Lord Lucas: My Lords, I would be very grateful if the Minister would move her amendment because I wish to speak to it. I want her to move it first.

Baroness Anelay of St Johns: My Lords, it might be more helpful if I intervened now. I have a great deal of sympathy with the objectives of the noble Viscount, Lord Colville of Culross. Sadly, he may be disappointed to learn that I shall not support the amendment if he divides on it, for reasons that I shall give. But I do have sympathy with the objectives.

I have sympathy, too, with the fact that today we are having what is really a Committee stage debate. As the noble Viscount said when introducing the amendment, that is no fault of his. It was merely an accident of fate, for very good reasons, that it was not possible for these amendments to be moved in Committee.
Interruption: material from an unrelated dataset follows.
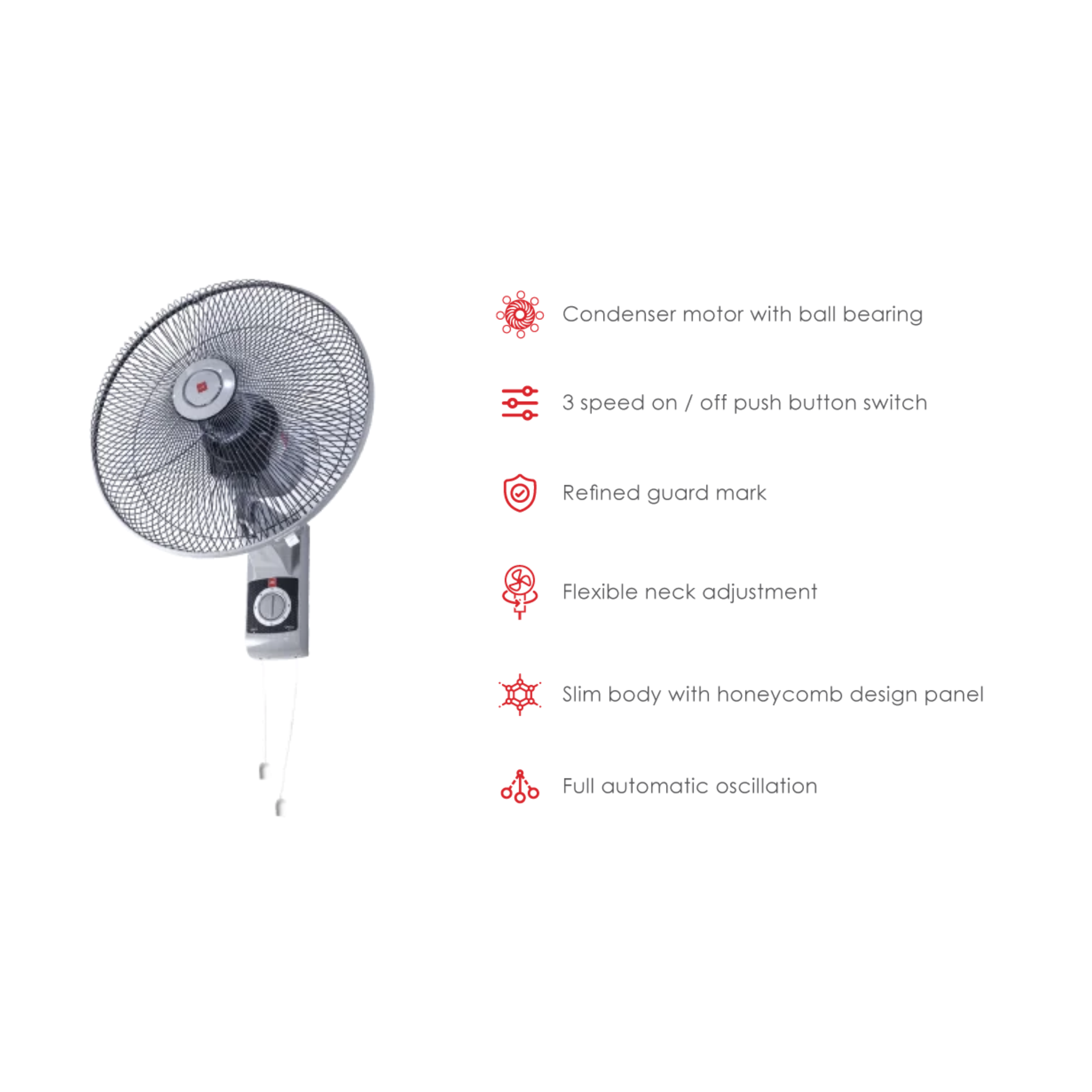 KDK 16" Wall Fan KU408 YG (Grey)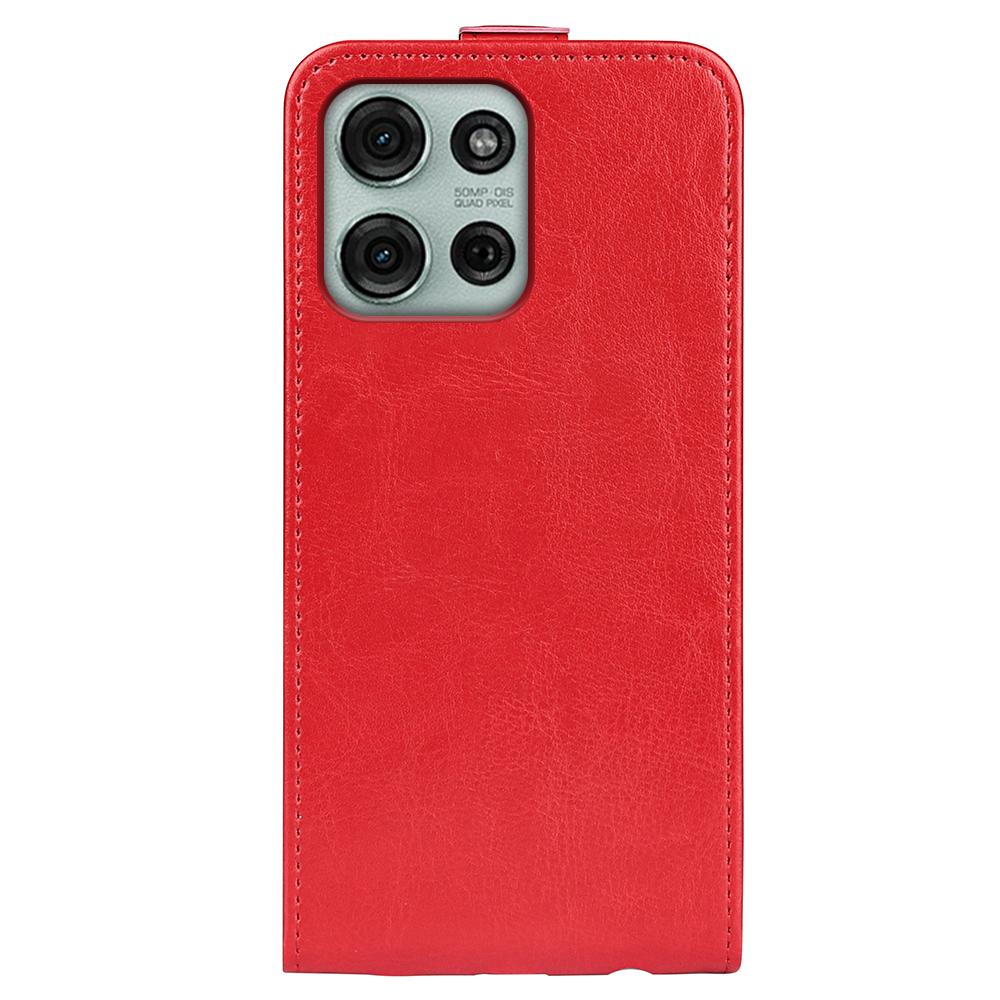 Motorola Moto G75 Texture Vertical Flip Leather Wallet Case with Card Slot, PU TPU Shockproof Protective Cover, Anti-Drop Magnetic Folio Phone Case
Some noble Lords might say that it was open to the noble Viscount or other noble Lords in Committee to seize the opportunity and to move someone else's amendment. But we would all accept that at the time that would have been bad form. Therefore, being good form, the noble Viscount did not pursue that.

Perhaps I may refer briefly to the amendments. The noble Viscount is right that it is not satisfactory to have a piecemeal approach to legislation in this respect—I would say in any respect—but certainly with regard to these definitions and protections. It is the right time to have an overall look at the codification and to have a proper approach.

My noble friend Lord Waddington pointed out some of the difficulties that arise in competing legislation. But we must be grateful for small mercies, one of which is that because we have had time between Committee and Report, the Government have been able to reflect. They have tabled today an amendment that I strongly support, which is against the background that I would prefer the more far-reaching review that the noble Viscount called for and which I hope that the Minister may be able to direct us will happen in future.

It is difficult at this stage when the Minister's amendment is grouped with others. My noble friend Lady Carnegy is right to ask for some latitude. If Back-Benchers wish to ask the Minister questions, perhaps they may do so succinctly and within the rules of Report after the Minister has moved the amendment. I guarantee that I shall not do so.

Baroness Farrington of Ribbleton: My Lords, the Minister will speak to the government amendments. She may not move them because only the first amendment in the group may be moved. She will speak to them when she replies and has taken careful note that, within the rules, questions and factual information could be addressed to the Minister when she is replying to the whole debate.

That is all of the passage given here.